Yasublog

本、土木・橋梁、野球、お笑い、などについて書いてます。

[山口絵理子] 裸でも生きる


裸でも生きる――25歳女性起業家の号泣戦記 (講談社BIZ)

裸でも生きる――25歳女性起業家の号泣戦記 (講談社BIZ)

一歩踏み出す勇気がここにある!
イジメ、非行……居場所がなかった青春。強くなりたいと入部したのは「男子柔道部」。そして偏差値40から3ヵ月で一流大学合格。大学を卒業し、本当の現場を見たいと渡ったアジア最貧国バングラデシュ。腐敗にまみれた国で見つけた眠る素材、出会う人々。やがてバッグ造りで起業を決意。数々の失敗、挫折、裏切りに遭いながらも歩みを続け、途上国発ブランド マザーハウスを軌道に乗せて各マスコミで最注目の女性の、明日へ向かう力に溢れたノンフィクション!


TBS『情熱大陸』いつも録画して見ているんですが、16日放送分のバッグデザイナー山口絵理子さんは衝撃的でした。何がって、弱冠26歳の彼女が、慶応大学を出て国際機関に勤めて、しかし何かが違うと感じて、アジア最貧国のバングラデッュに乗り込み、「必要なのは施しではなく先進国との対応な関係作りである」との信念のもと、現地の人とバック作りに励みます。大事なのは机上の理論ではなく実戦なのだ、と。正しいと思ったことも、正しいと言うだけでは形にできない。彼女はまずやってみて少しの成功を積み上げ、挫折も乗り越え、さらにその少しの成功を『プロトタイプ』にして周囲を巻き込み、さらに前進していく、その生き方に勇気を感じました。
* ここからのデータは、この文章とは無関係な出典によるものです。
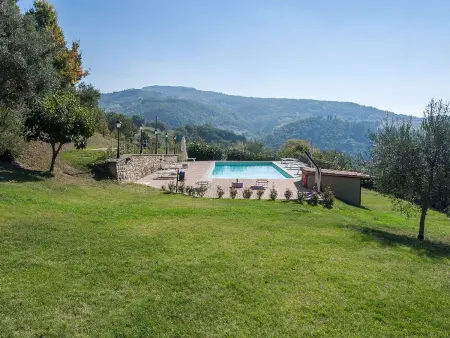 Lindenhaussiedlung mit Gemeinschaftspool, Maison 2 personnes à Pratovecchio - Photo 13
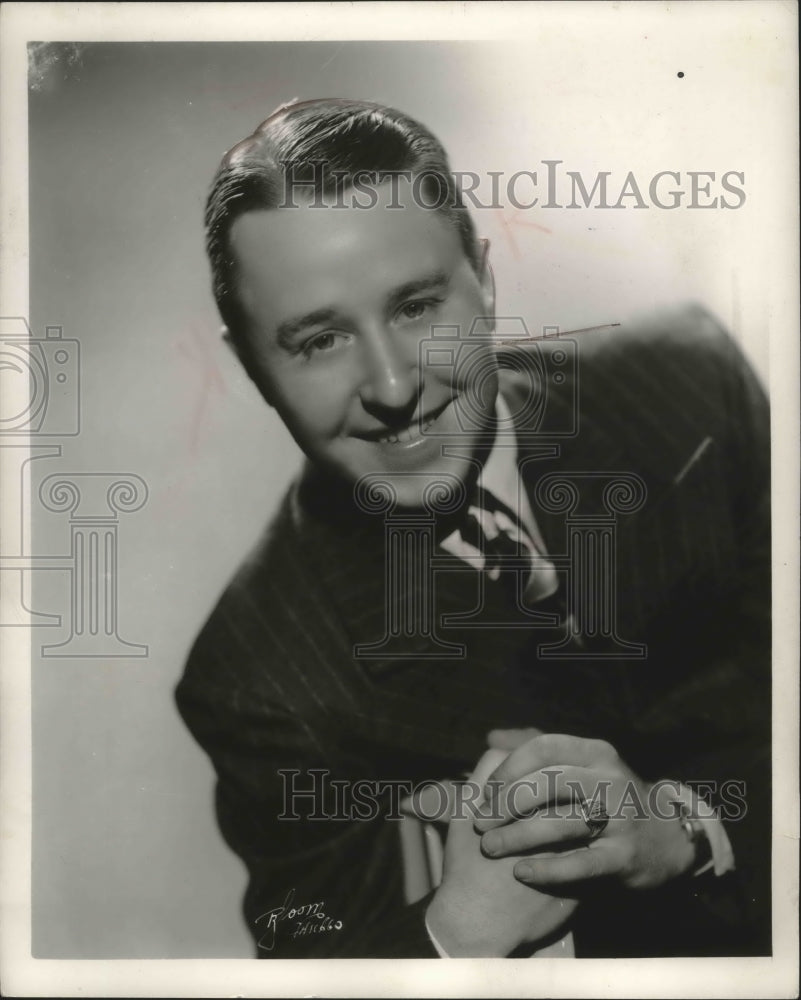 1963 Press Photo Comedian Georgie Gobel- Historic Images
本は昨日の出張の新幹線で読みました。感動ストーリーです。

貧しさは生活の至るところで人間を傷つける武器として現れた。その度に、どんなに変えたくても変えられない現実があるんだと思い知った。車に跳ねられても一言も言えずに立ち去る少年も、クラスメイトの女性も、リキシャ引きになる少年も、洪水の中泳いで薬を買いに行く子供も、みんな生きるために、生きていた。そこに生まれなければ発揮できていたはずの沢山の可能性がある。しかし、正義や努力が日の目を見ない腐った社会でも、自分の生きる道を何とか切り開き、力強く、生きていた。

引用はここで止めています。